## Source records
..........
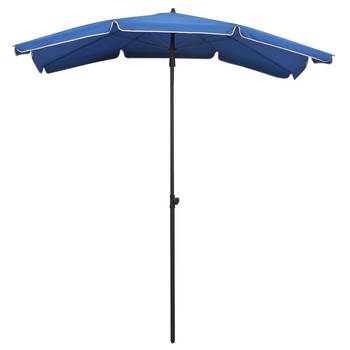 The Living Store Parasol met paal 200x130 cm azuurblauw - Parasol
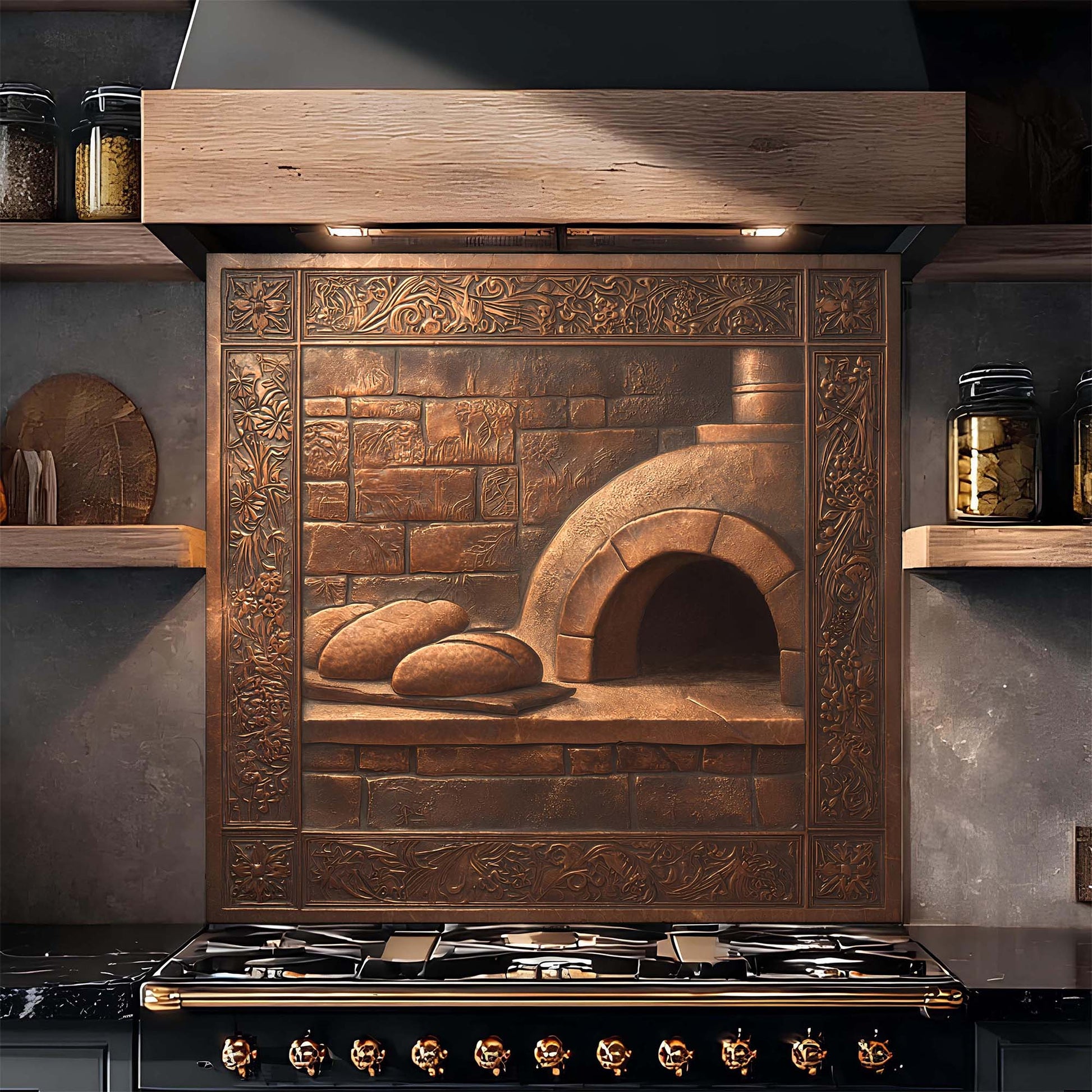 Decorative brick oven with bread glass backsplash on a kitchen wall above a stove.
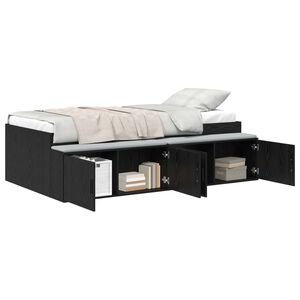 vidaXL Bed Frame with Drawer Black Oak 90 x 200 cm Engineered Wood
..........
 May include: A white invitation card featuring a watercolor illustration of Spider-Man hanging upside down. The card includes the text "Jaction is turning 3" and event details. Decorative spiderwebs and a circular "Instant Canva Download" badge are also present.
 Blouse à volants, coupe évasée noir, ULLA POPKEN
..........
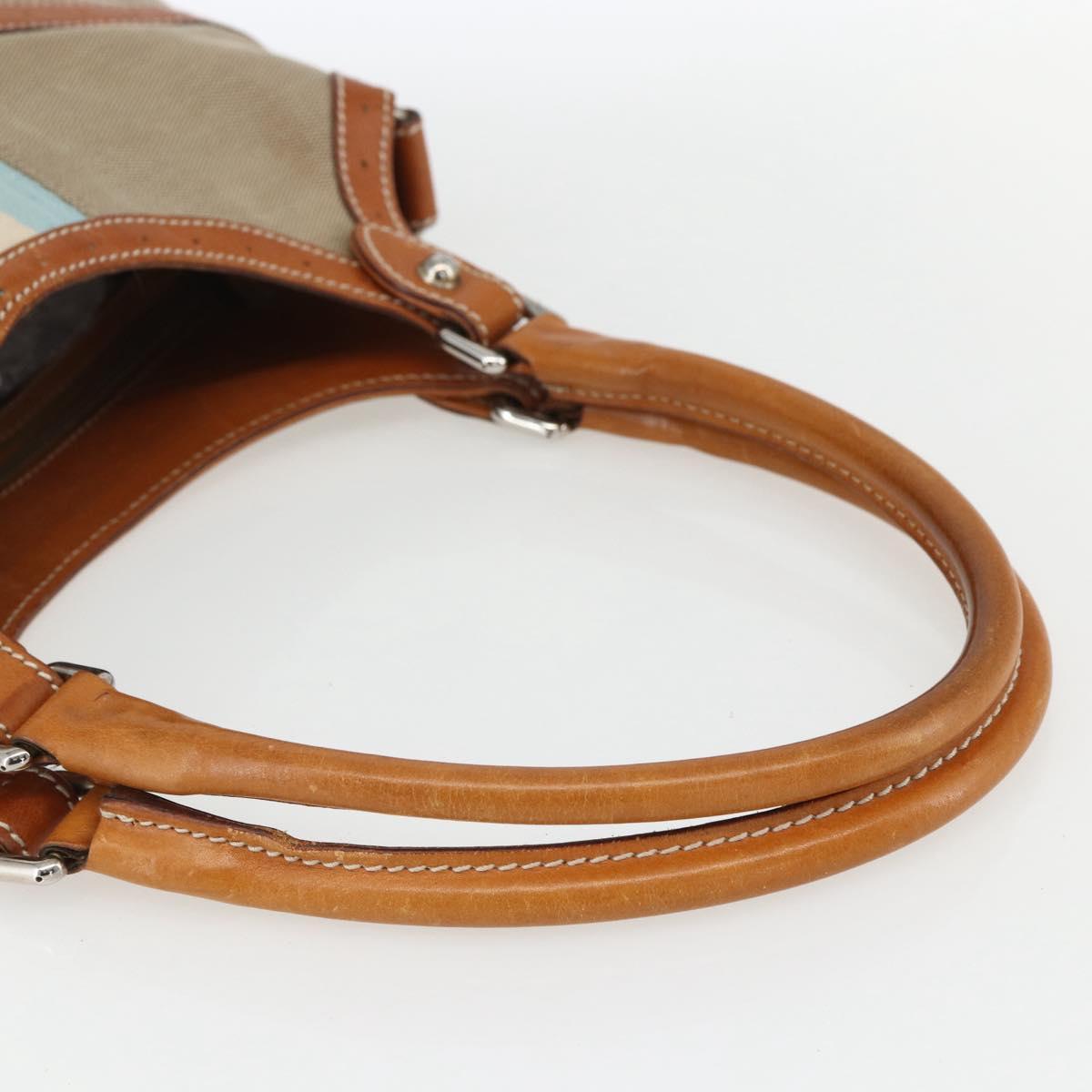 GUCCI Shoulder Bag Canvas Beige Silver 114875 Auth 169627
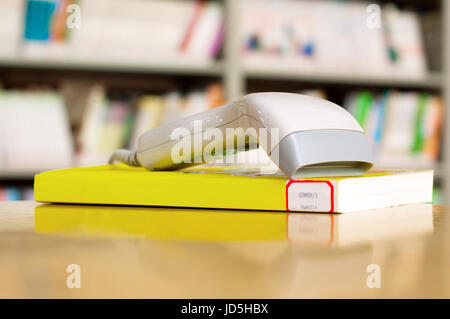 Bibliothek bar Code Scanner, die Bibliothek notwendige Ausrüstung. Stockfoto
..........
## Exercise directions
Above are some records. Reproduce the lines from the one with "Decorative brick oven" down to the one with "vidaXL Bed Frame", keeping both, and leave every picture out.

## Reply to the task
 Decorative brick oven with bread glass backsplash on a kitchen wall above a stove.
 vidaXL Bed Frame with Drawer Black Oak 90 x 200 cm Engineered Wood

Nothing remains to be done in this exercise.